Ein Einblick in die Arbeit des Lektorats
Die meisten Bücher im Angkor Verlag übersetze ich selbst und bin dann auf die Hilfe von Lektorinnen angewiesen (es waren in der 22-jährigen Verlagsgeschichte überwiegend Frauen, die zudem Japanologie studiert hatten). In diesem Fall hat die Lektorin Susanne König übersetzt und ich habe ihre Aufgabe übernommen. An einer Stelle wollte ich eine Änderung, und sie beharrte auf ihrer Wortwahl. Hier stellte sich die grundsätzliche Frage, wie weit bei einer Übersetzung das Ausgangsmaterial verändert werden darf. Meiner Ansicht nach sollte das bei akademischen Arbeiten unterbleiben, bei Romanen kommt es auf die Ansicht des Autors an (Haruki Murakami z.B. sagte einmal, ihm würde es genügen, wenn Stimmung und Stil seiner Geschichten angemessen übertragen würden, er räumt dem Übersetzer also Freiheiten ein). Da wir es hier mit einem Sachbuch zu tun haben, bin ich dafür, Ausdrucksschwächen des Autors im Text selbst auszubügeln. Doch da es nicht meine Übersetzung ist, habe ich mich mit einer Fußnote ("Anmerkung des Verlegers" ) begnügt. Hier die Textpassage aus dem Gespräch des Autors mit einem Zen-Abt. Sie bezieht sich auf einen Jungen, der als einziger aus einer Gruppe, die zum Gebet um Regen auszog, daran dachte, einen Schirm mitzunehmen.

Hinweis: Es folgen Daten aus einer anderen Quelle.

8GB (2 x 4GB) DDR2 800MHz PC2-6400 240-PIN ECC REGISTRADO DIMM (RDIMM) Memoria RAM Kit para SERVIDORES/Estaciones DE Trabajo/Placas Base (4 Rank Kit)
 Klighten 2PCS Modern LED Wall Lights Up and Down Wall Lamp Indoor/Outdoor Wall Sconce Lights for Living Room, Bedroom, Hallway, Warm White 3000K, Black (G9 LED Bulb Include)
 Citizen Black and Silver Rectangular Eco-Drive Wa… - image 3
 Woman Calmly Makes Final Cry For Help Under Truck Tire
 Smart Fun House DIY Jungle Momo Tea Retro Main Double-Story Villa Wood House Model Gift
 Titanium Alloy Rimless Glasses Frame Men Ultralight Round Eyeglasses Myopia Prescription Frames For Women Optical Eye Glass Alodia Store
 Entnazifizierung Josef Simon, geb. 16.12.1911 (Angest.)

"Herr Hosokawa, Sie sprachen doch vorhin von der Empfindung des Jungen, am Tag des Regengebetes einen Schirm mitzunehmen. Das ist „Weisheit des Nicht-Unterscheidens“ (jap. mufunbetsu)*. Es ist die Welt des Nicht-Unterscheidens, in der wir im wahrsten Sinne leben, und es ist die Weisheit des Nicht-Unterscheidens, die wir schätzen sollten. Ich denke, um in der künftigen Welt des Chaos zu leben, bedarf es nur des Wissens von Hun Dun. Wenn man meint, auf Chaos mit der Weisheit des Unterscheidens reagieren zu wollen, dann kann man es nicht damit aufnehmen. Unsere Stärke ist es, diese Welt des Chaos zu haben. Ich kann es nicht in Worte fassen. Wenn man sie trennt, stirbt diese Welt. Ist es nicht die Stärke von uns Zen-Mönchen, das wir uns angeeignet haben, das Herz-Sutra mit ganzem Herzen lesen oder schreiben zu können?"
In der Fußnote* schrieb ich: "Da der Junge sich vor dem Regen mit einem Schirm schützen will, kann man durchaus davon sprechen, dass er „unterscheidet“, nämlich lieber nicht nass werden will. In klassischen Zen-Texten wird deshalb genauer die Vorstellung der „Unterscheidung innerhalb der Un-Unterscheidbarkeit“ entworfen; es ist also nötig, auch im Nicht-Unterscheiden sich eine Unterscheidungsfähigkeit zu bewahren. (Anm. d. V.)"
Eine solche Erklärung ist dem Anliegen meines Lebens geschuldet, Zen auf eine möglichst nicht-religiöse und verständliche Weise zu verbreiten, die nah am tatsächlichen Alltag der Menschen dran ist. In diesem Alltag ist eine klare Unterscheidungsfähigkeit und ein Wertesystem hilfreich. Im üblichen "Zen-Sprech" könnte dies untergehen und, wie ich meine, in obiger Textstelle missverstanden werden.